DATANALISIS President Luis Vicente León says that "it is not true that Venezuela is broke and cannot solve its problems, it is important to understand that there is a crisis and identify the source in order to deal with it". He insists the foreign exchange rate is inadequate.  More in Spanish: (El Mundo, http://www.elmundo.com.ve/noticias/economia/politicas-publicas/luis-vicente-leon--no-es-verdad-que-venezuela-este.aspx#ixzz3Kdr3Eb4d; Ultimas Noticias, http://www.ultimasnoticias.com.ve/noticias/actualidad/politica/video---luis-vicente-leon-el-riesgo-mayor-de-madur.aspx)

 

CENCOEX to regulate foreign investment in Venezuela

The government has expanded the duties of the Center for Foreign Trade (CENCOEX). From now on, the government agency will regulate foreign investment. The new Foreign Investment Law - which supersedes the Law on Investment Promotion and Protection - indicates that CENCOEX "shall be responsible for enforcing guidelines, methods, requirements and procedures in the field of foreign investment." (El Universal, http://www.eluniversal.com/economia/141201/cencoex-regulates-foreign-investment-in-venezuela)

 

Venezuela's credit terms with China adjusted three times

Since 2008, the Venezuelan government has signed financing agreements worth US$ 46 billion with China.
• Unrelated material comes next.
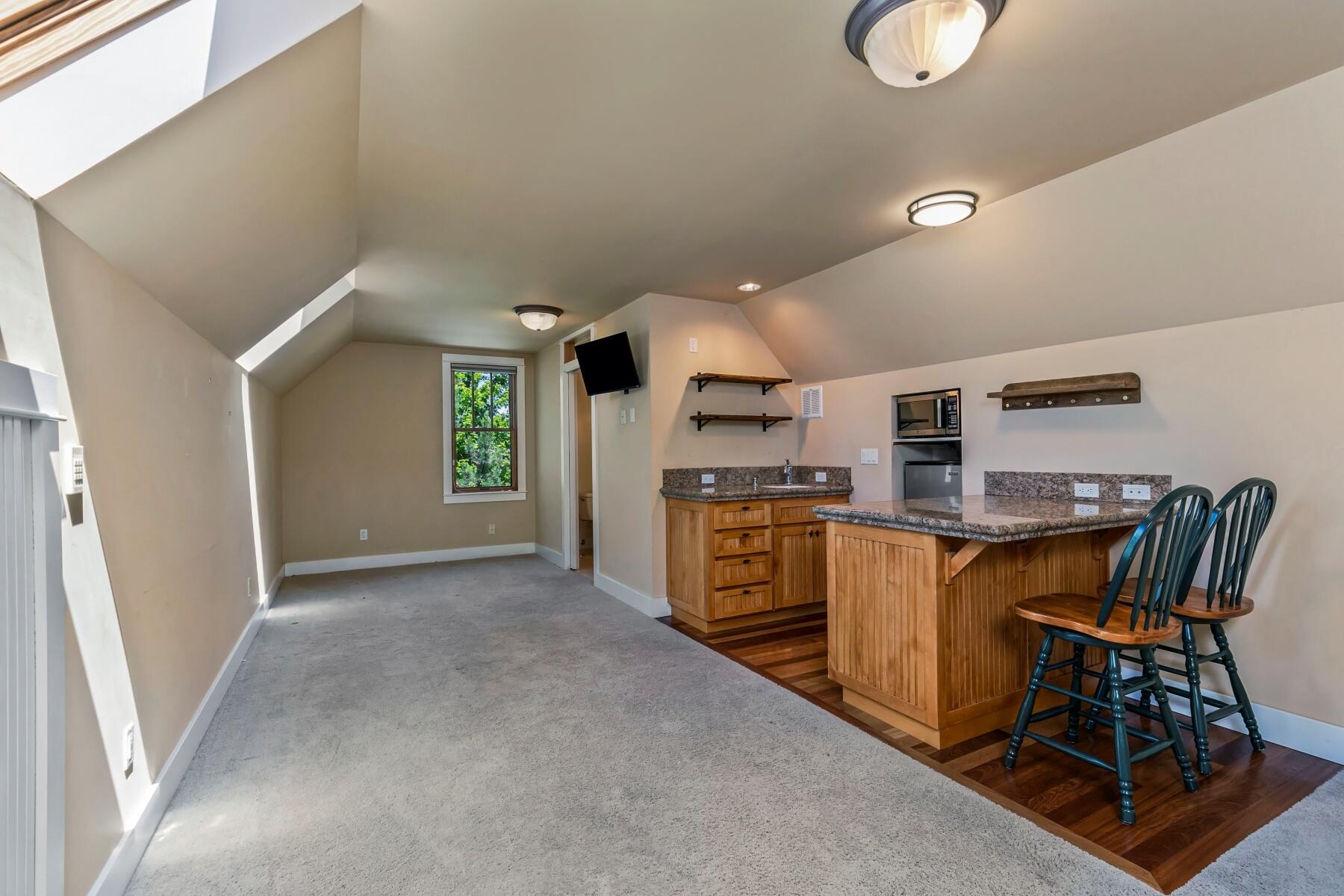 Pine Meadow Vill - Residential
That money has been allocated to the Joint Chinese-Venezuela Fund and the Great Volume and Long Term Fund, providing resources for projects in different areas. Those agreements have been amended three times to adjust funding terms. In that context, Venezuela is renegotiating some of the conditions of the agreements. Barclays commented that shipments to China have been reduced, "although that does not imply reducing non-exchangeable barrels, it could help reduce delivery costs, giving the government the possibility of getting funds faster." (El Universal, http://www.eluniversal.com/economia/141129/terms-of-venezuelas-credits-with-china-fixed-three-times)

 

Foreign visitors to pay in USD in Venezuelan islands

An amendment to the Tourism Law provides that payments in US dollars for tourism services provided to international travelers shall be allowed in Venezuelan islands. (El Universal, http://www.eluniversal.com/economia/141201/foreign-visitors-to-pay-in-usd-in-venezuelan-islands)

 

State-run companies can be monopolies

The government passed an Antitrust Law, aimed at "promoting, protecting and regulating free competition."
Any and all Venezuelan and foreign individuals and private or public corporations and non-profit organizations doing business in Venezuela are governed by the law. People's organizations, state-run companies, strategic joint ventures and public utilities are exempted. This means that monopoly, oligopoly and alike may be practiced only by state-run companies or companies with a State interest.
(El Universal, http://www.eluniversal.com/economia/141129/state-run-companies-may-have-the-status-of-monopoly)

 

 

Politics and International Affairs

 

The UN’s Committee against Torture (CAT) expressed concern over claims of torture and mistreatment by Venezuelan authorities against demonstrators during this year’s protests. The claims include beatings, burns and electric shock to obtain confessions. The UN’s body urged the government to thoroughly investigate all the incidents. (Veneconomy, http://www.veneconomy.com/site/index.asp?ids=44&idt=42068&idc=1)

 

And the CAT considers the Venezuelan penitentiary system “a tragedy,” as stated by Alessio Bruni when he commented this UN’s body’s report over prison conditions and the recent death of at least 24 inmates at Uribana by allegedly taking a cocktail of deadly medicines. The Committee against Torture expressed its alarm over reports describing the situation of violence in Venezuelan prisons with 4,791 fatalities since 2004. (Veneconomy, http://www.veneconomy.com/site/index.asp?ids=44&idt=42067&idc=1)

 

The following brief is a synthesis of the news as reported by a variety of media sources. As such, the views and opinions expressed do not necessarily reflect those of Duarte Vivas & Asociados and The Selinger Group.